Brothels, or "maisons closes", existed in their hundreds in France before they were outlawed in 1946.
A member of Bardella's far-right National Rally party plans to submit a bill that would allow brothels to re-open and be run as cooperatives by sex workers themselves.
"We can set up secure enclosed spaces to prevent this activity, which exists regardless of what we do, from taking place in extremely unsanitary and unsafe conditions," Bardella said in televised remarks Saturday.
"For me, this is a safety issue," said the 30-year-old politician and contender for president in France's 2027 elections.
"I think that closed premises are always better than slums in the Bois de Boulogne," a Paris district known as a crime hotspot, he added.
National Rally emerged as the single largest party in French parliament after the 2024 legislative elections, and its leaders believe they have the momentum to come to power in the 2027 presidential election on the back of public concern over immigration and the cost of living.
Prostitution is legal in France, although a law introduced in 2016 made it illegal to pay for sex, shifting the criminal responsibility to clients, who can be fined if caught.

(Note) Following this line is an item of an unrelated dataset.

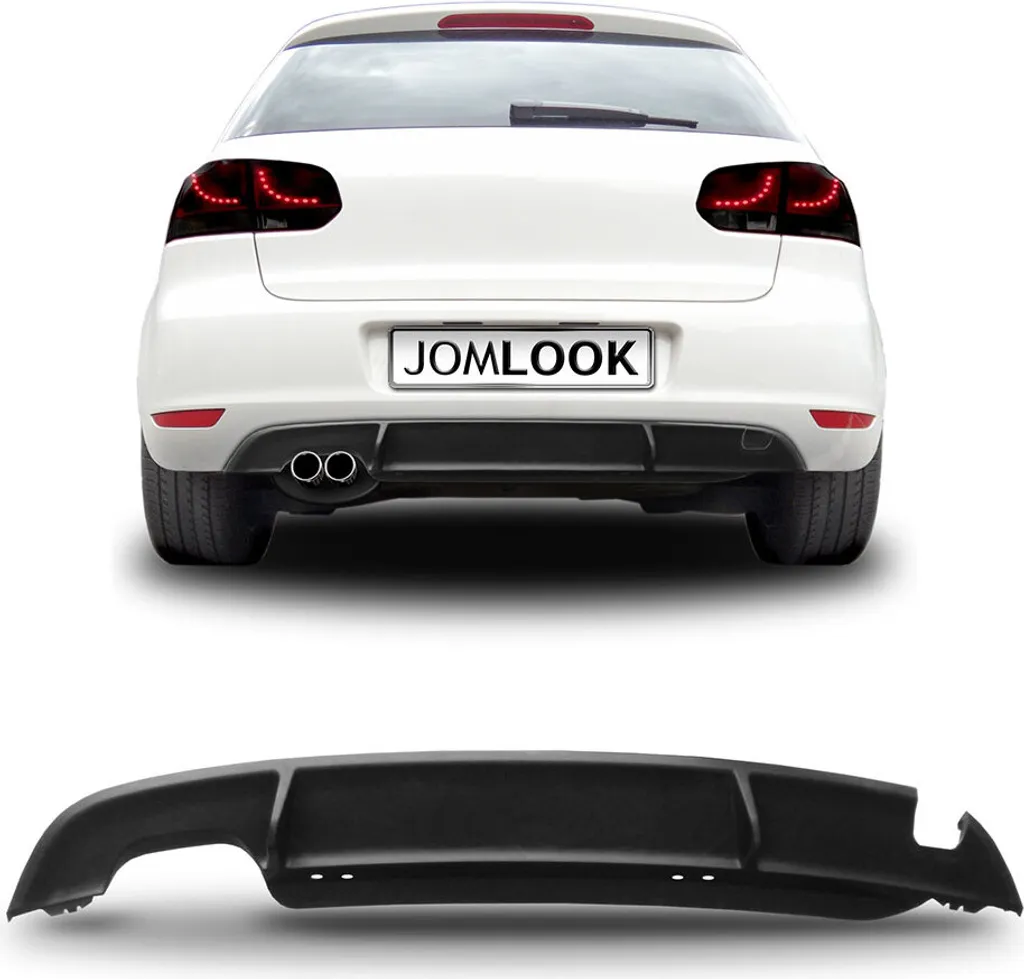 Diffuseur Arrière Sport Look pour VW Golf 6 VI Pare-chocs Standard Noir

National Rally lawmaker Jean-Philippe Tanguy, who has been working on the legislation to bring back brothels, argues the 2016 law has only worsened the daily lives of sex workers, forcing them to work "even harder" in appalling conditions.
Bardella struck a similar note.
"We cannot say that the results have been extremely positive," he said, denouncing what he said was "hypocrisy on the subject".
Tanguy's bombshell initiative has raised eyebrows and reignited debate about prostitution and sex workers' rights.
The STRASS association, which defends sex workers' rights and has campaigned for the establishment of cooperatives, has said it does not want to work with National Rally.